Image for representational use only.Image Courtesy : Spring Assisted Opening Knives
Rampur: “Jaani… Yeh Bacchon Ke Khelne Ki Cheez Nahi hai,” (This is not meant for kids to play with), was the signature dialogue of legendary Hindi film actor Raj Kumar who made the Rampuri chaku (knife) famous. Alas, the knife industry of the city is now on its deathbed.
The Rampuri chaku was once the favourite weapon in Hindi film industry and was used in almost all the movies by villains in the 1970s and even in the 1980s. However, these knives were eventually replaced by the firearms in films, probably influenced by Hollywood.
Babbu Bhai Chaku Wale in the Tipu Sultan Market, formerly known as the iconic Chaku Bazaar of Rampur district in Uttar Pradesh, is one of the last two knife shops left in the city. Shahzad, 35, the owner of the shop, told Newsclick that he had not sold even a single piece of the iconic Rampuri Chaku in the past two months. All he has been selling are kitchen knives and locks.
“The market for fancy knives is finished. The times are gone when people used to buy knives as a fancy item to showcase in their drawing rooms. It is all due to the policies of the government, as they first banned knives with blades longer than 4.5 inches and then came noteban (demonetisation) that affected the business,” he said.
Shahzad said till 2005, there was good sale of knives but people slowly stopped buying these and the industry has now totally lost its ‘sharpness’.
“This is my grandfather's shop. I am running the shop because I have to sell out the stock that I have with me. I have already shifted to kitchen knives and locks. The other purpose of running the shop is that I know the media will come here, and if they highlight the issue, then the industry can revive,” he said, adding that the first step to kill this industry was taken in the 1990s when the Uttar Pradesh government decided to ban the knives with blades longer than 4.5 inches.”
He said, “the cost of the regular Rampuri chaku ranges between Rs 100 to Rs 120 while the cost of production ranges between Rs 40 to Rs 50. Earlier, we were able to sell at least 10-20 knives in a day, but now only mediapersons who come to Rampur for coverage buy these knives,” he added.
Shazad said the Goods and Services Tax (GST) and demonetisation, in comparison, came much later than the real blow faced by this industry due to the government’s decision in the 1990s.
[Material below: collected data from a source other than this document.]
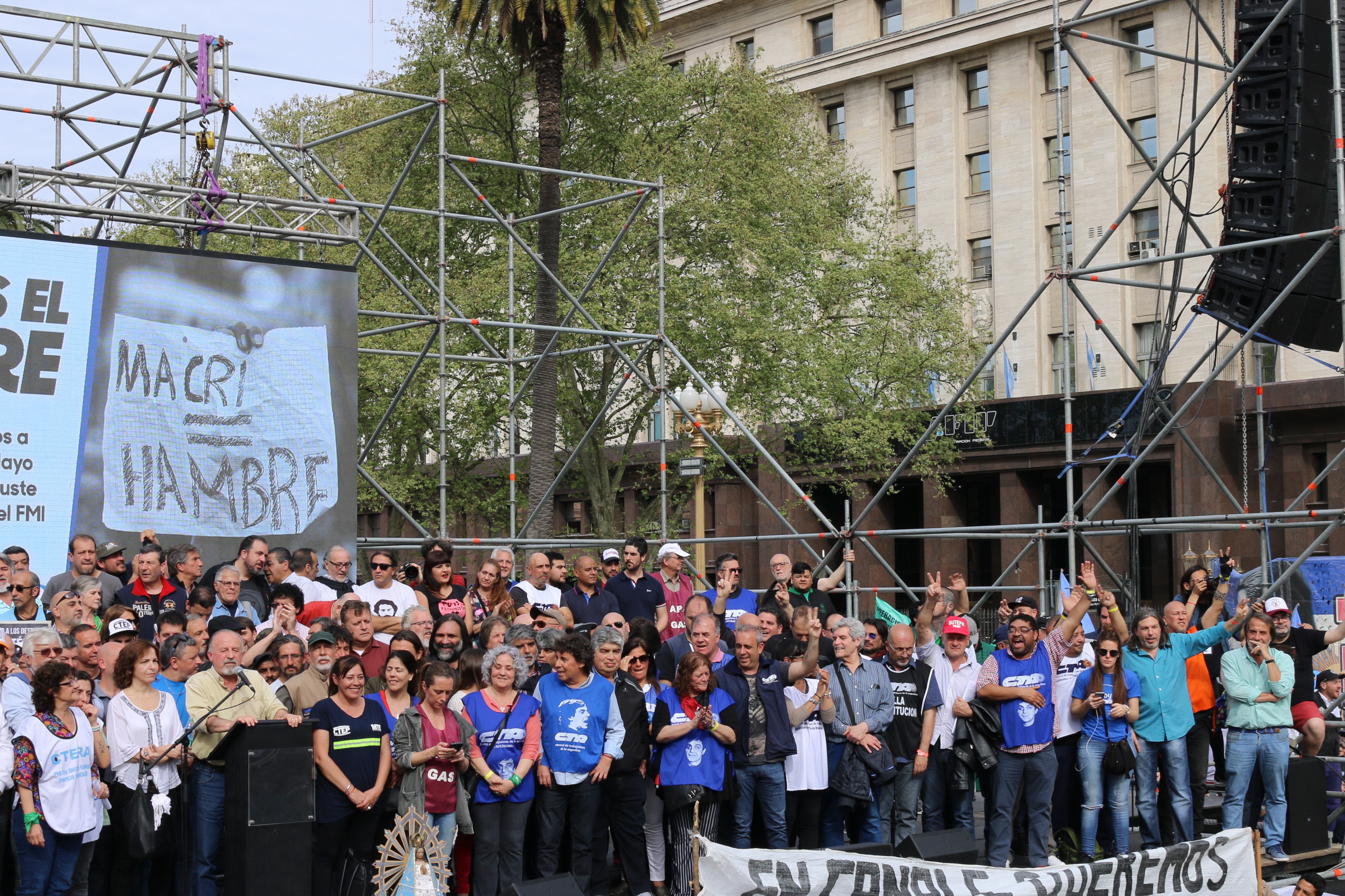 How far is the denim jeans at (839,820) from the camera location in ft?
32.9

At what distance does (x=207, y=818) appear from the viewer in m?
8.27

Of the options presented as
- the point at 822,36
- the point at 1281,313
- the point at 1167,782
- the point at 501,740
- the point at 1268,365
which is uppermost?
the point at 822,36

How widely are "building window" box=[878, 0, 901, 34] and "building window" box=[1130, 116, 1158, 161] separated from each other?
8574 mm

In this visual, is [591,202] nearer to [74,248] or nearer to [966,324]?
[74,248]

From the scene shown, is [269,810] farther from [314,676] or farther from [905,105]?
[905,105]

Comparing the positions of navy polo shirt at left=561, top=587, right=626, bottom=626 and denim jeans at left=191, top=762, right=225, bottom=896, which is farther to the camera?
navy polo shirt at left=561, top=587, right=626, bottom=626

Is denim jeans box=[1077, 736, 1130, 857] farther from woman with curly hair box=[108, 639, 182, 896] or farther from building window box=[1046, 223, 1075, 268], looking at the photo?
building window box=[1046, 223, 1075, 268]

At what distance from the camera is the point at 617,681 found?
30.8ft

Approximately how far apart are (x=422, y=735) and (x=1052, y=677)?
14.7 feet

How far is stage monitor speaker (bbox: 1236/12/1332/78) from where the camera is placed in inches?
478

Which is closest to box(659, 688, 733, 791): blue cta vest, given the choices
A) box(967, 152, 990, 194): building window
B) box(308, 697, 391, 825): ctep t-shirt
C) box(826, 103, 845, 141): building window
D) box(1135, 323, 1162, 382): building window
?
box(308, 697, 391, 825): ctep t-shirt

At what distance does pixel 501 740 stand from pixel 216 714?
1691 millimetres

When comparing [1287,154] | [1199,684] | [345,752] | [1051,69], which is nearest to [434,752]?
[345,752]

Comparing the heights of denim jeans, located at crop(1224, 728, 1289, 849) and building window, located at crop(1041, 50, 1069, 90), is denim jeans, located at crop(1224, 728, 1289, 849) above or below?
below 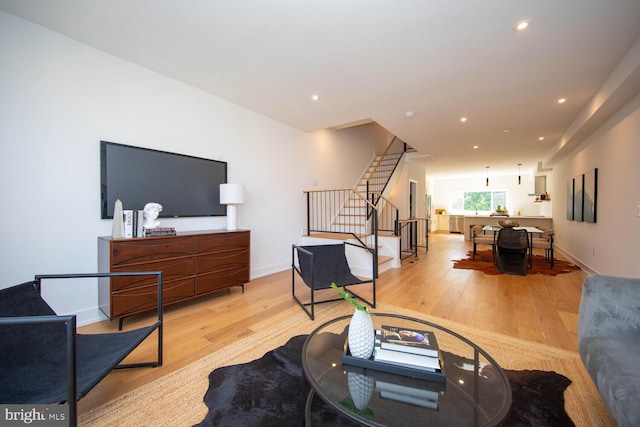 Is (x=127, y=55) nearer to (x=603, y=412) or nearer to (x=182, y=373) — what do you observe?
(x=182, y=373)

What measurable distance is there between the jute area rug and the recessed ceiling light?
2569 millimetres

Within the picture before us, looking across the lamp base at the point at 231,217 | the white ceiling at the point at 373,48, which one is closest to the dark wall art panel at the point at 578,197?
the white ceiling at the point at 373,48

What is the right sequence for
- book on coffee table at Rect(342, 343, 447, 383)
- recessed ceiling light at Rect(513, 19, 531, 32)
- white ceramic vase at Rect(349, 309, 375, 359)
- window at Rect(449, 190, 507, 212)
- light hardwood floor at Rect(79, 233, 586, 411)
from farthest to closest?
window at Rect(449, 190, 507, 212)
recessed ceiling light at Rect(513, 19, 531, 32)
light hardwood floor at Rect(79, 233, 586, 411)
white ceramic vase at Rect(349, 309, 375, 359)
book on coffee table at Rect(342, 343, 447, 383)

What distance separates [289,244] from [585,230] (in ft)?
18.1

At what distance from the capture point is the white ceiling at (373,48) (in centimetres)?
207

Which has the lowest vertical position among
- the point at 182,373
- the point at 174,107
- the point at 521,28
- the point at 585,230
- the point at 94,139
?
the point at 182,373

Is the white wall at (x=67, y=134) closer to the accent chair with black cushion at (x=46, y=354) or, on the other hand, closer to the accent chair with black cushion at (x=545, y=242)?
the accent chair with black cushion at (x=46, y=354)

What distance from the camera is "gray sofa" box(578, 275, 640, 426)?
1.09m

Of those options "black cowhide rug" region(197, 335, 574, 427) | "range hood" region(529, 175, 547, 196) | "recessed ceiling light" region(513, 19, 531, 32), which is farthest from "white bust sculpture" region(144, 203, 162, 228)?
"range hood" region(529, 175, 547, 196)

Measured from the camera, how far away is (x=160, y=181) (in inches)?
120

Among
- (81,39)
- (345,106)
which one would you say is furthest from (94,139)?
(345,106)

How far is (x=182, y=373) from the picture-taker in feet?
5.90

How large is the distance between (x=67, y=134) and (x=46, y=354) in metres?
2.01

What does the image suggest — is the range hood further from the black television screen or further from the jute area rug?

“The police in the early and late 1990s used to interrogate knife-sellers whenever a crime was committed but the fact is that a knife-seller never sells a sharp knife. Crime can be committed by anyone and with anything, but targeting the shop owners was wrong and was also the reason that many businessmen switched to other businesses,” he said.
One of the two surviving two knife-sellers, Shahzad, complained that the government did not make any effort to save this heritage of Rampuri chaku.
Asked if Chinese products were impacting trade, he said, “the Chinese did us no harm and made a very small impact on the market, but demonetisation really affected trade, shutting down domestic or kitchen knife-making work.”
Mohammad Afzal, a worker at the small knife factory in the shoulder binding lanes of Naya Rampur area of the district, told Newsclick that he makes domestic knives now but earlier he would earn Rs 200-300 per day.
“Earlier we used to make the Rampuri knife which comes with press button and then we used to get Rs 60 per knife. We were then able to earn at least Rs 300 per day but now we earn hardly Rs 100 per day because there are no takers of the original Rampuri chaku. We now make only domestic knives and we hardly earn Rs 20 per knife. Our living standard has really gone down and so has the condition of knife makers,” he said adding that the lack of union amongst knife makers has also taken a toll on this industry.
It may be mentioned that Rampur has got patch-work embroidery under the UP government’s One District One Programme (ODOP) flagship scheme, but its iconic knife-making and violin-making industries, which were the biggest and famous in the past, have been neglected.